Captioned web images
___

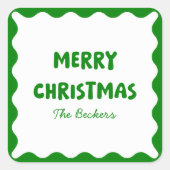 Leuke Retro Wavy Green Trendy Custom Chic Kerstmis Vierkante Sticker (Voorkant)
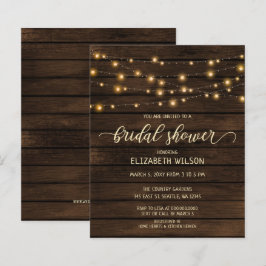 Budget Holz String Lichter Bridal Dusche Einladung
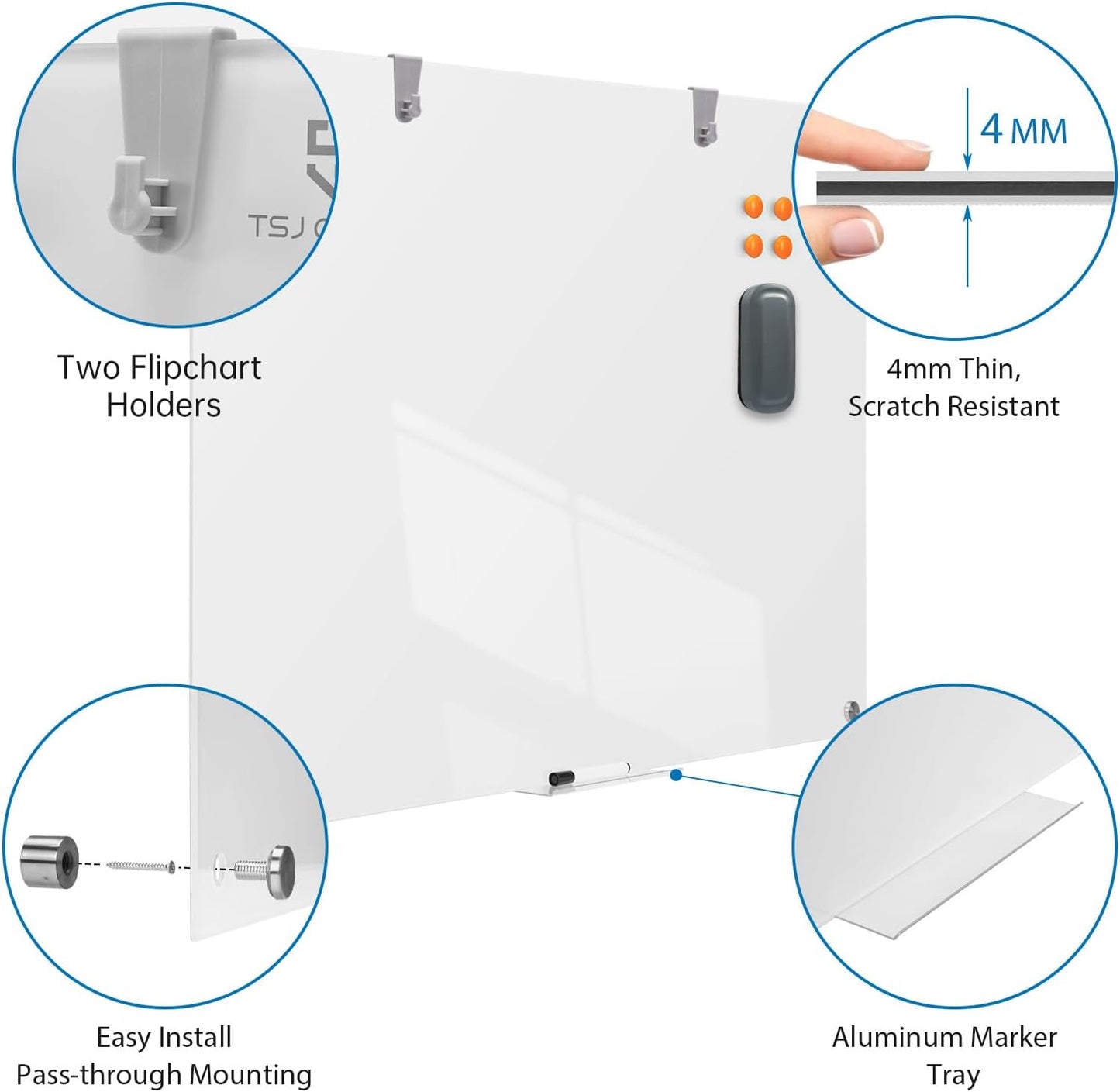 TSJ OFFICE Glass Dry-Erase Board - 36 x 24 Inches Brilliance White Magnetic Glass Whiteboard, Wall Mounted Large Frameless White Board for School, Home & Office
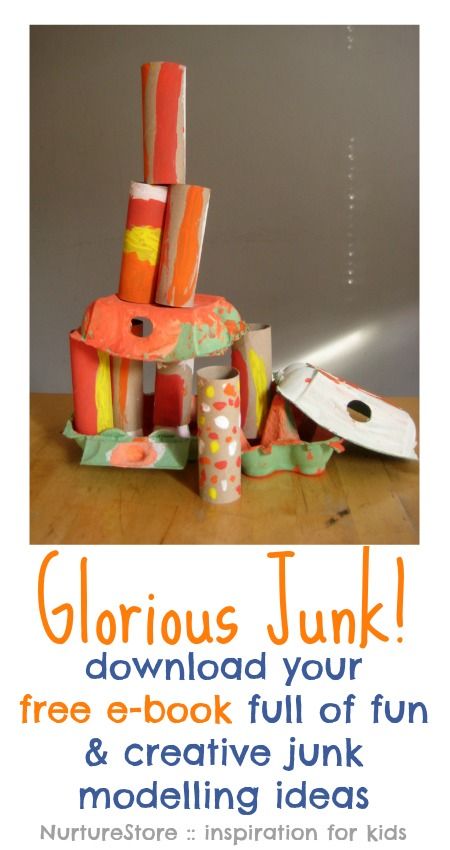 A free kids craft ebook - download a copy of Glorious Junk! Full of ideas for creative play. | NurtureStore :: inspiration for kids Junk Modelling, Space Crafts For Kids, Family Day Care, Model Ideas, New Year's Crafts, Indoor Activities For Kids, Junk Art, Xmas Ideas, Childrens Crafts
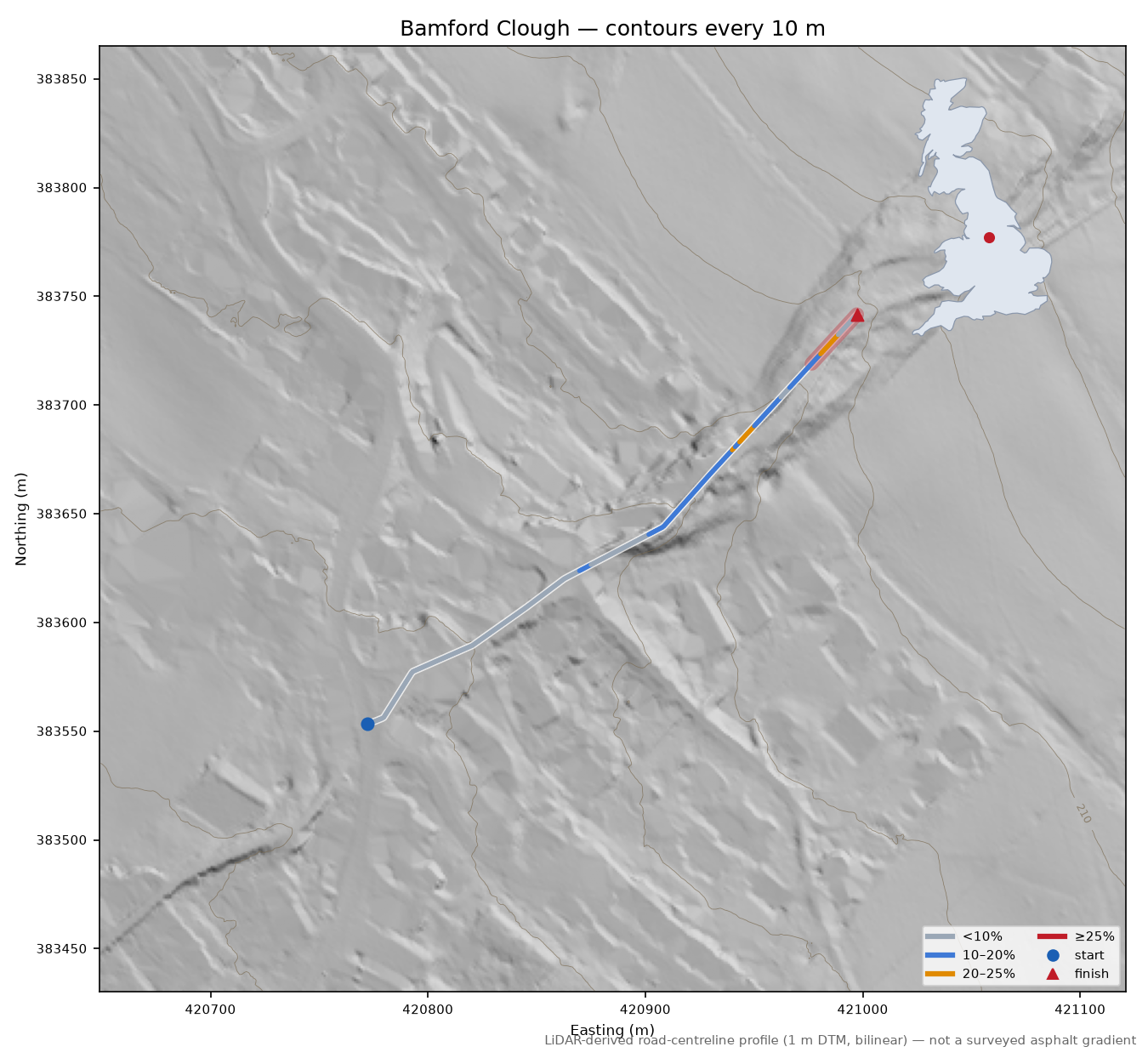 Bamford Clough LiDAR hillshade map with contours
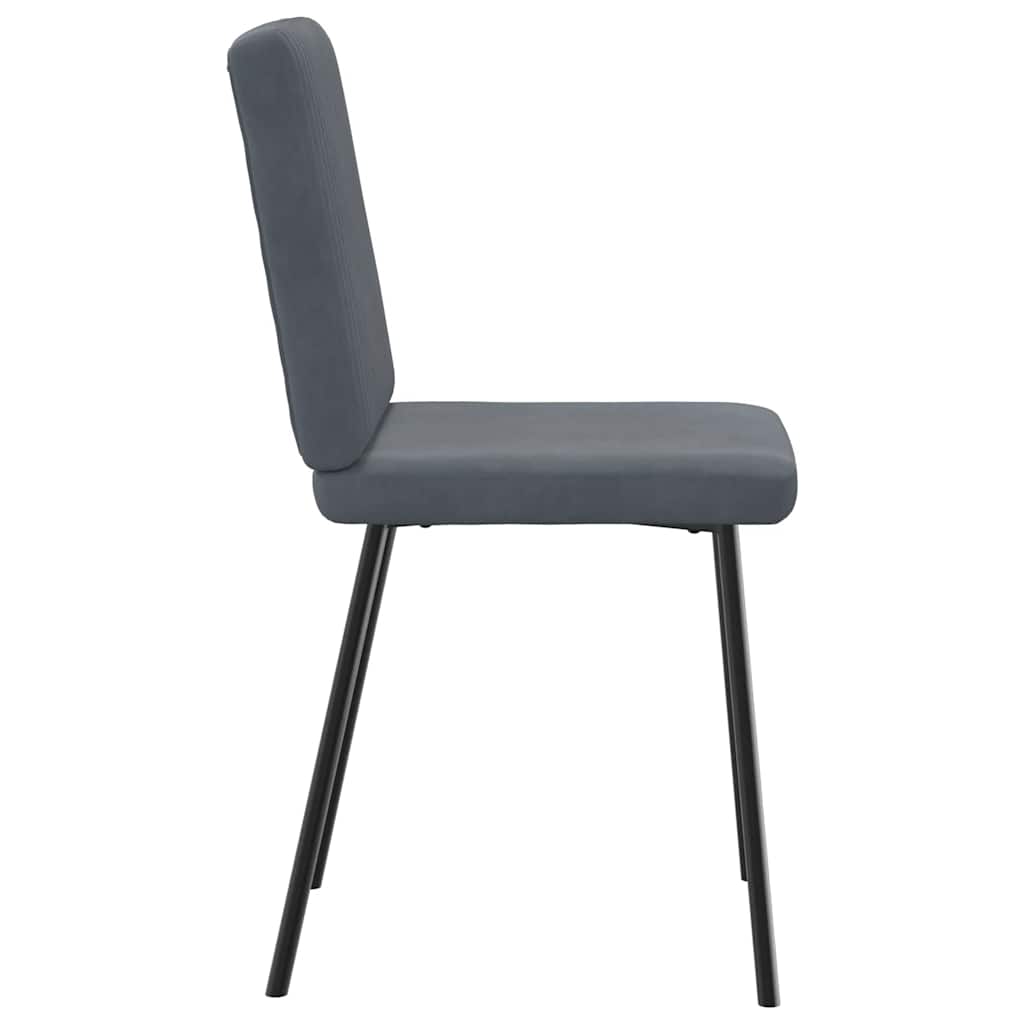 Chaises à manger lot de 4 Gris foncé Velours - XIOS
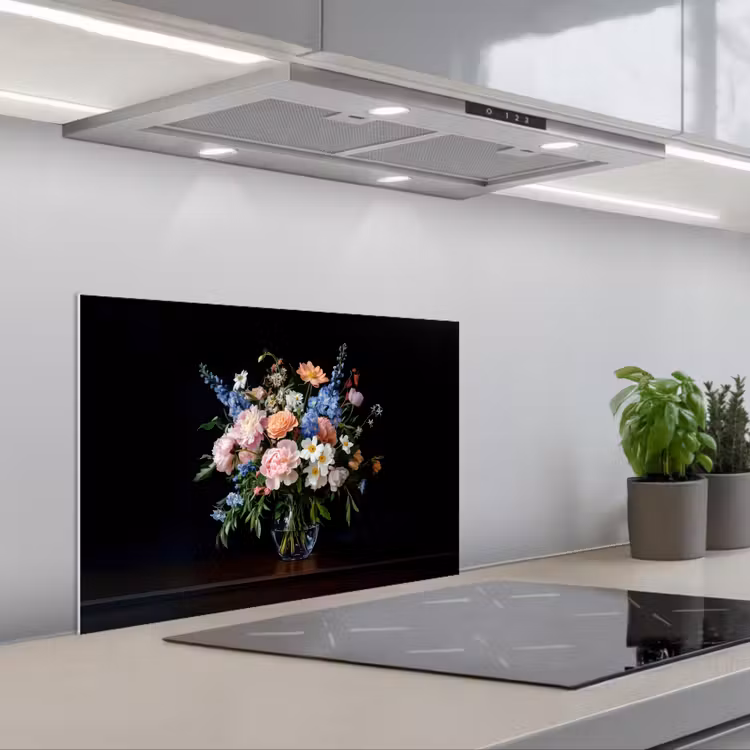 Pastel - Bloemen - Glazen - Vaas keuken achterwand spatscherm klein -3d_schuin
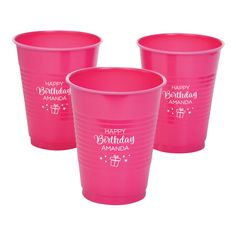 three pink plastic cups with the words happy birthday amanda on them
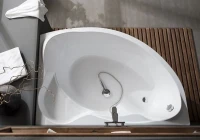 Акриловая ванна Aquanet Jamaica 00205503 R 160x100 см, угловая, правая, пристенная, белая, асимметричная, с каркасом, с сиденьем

___

■ **Your goal**
Locate the line containing "Budget Holz String" in the records above, then output it and every line after it through the last, excluding pictures.

■ **Result below**
 Budget Holz String Lichter Bridal Dusche Einladung
 TSJ OFFICE Glass Dry-Erase Board - 36 x 24 Inches Brilliance White Magnetic Glass Whiteboard, Wall Mounted Large Frameless White Board for School, Home & Office
 A free kids craft ebook - download a copy of Glorious Junk! Full of ideas for creative play. | NurtureStore :: inspiration for kids Junk Modelling, Space Crafts For Kids, Family Day Care, Model Ideas, New Year's Crafts, Indoor Activities For Kids, Junk Art, Xmas Ideas, Childrens Crafts
 Bamford Clough LiDAR hillshade map with contours
 Chaises à manger lot de 4 Gris foncé Velours - XIOS
 Pastel - Bloemen - Glazen - Vaas keuken achterwand spatscherm klein -3d_schuin
 three pink plastic cups with the words happy birthday amanda on them
 Акриловая ванна Aquanet Jamaica 00205503 R 160x100 см, угловая, правая, пристенная, белая, асимметричная, с каркасом, с сиденьем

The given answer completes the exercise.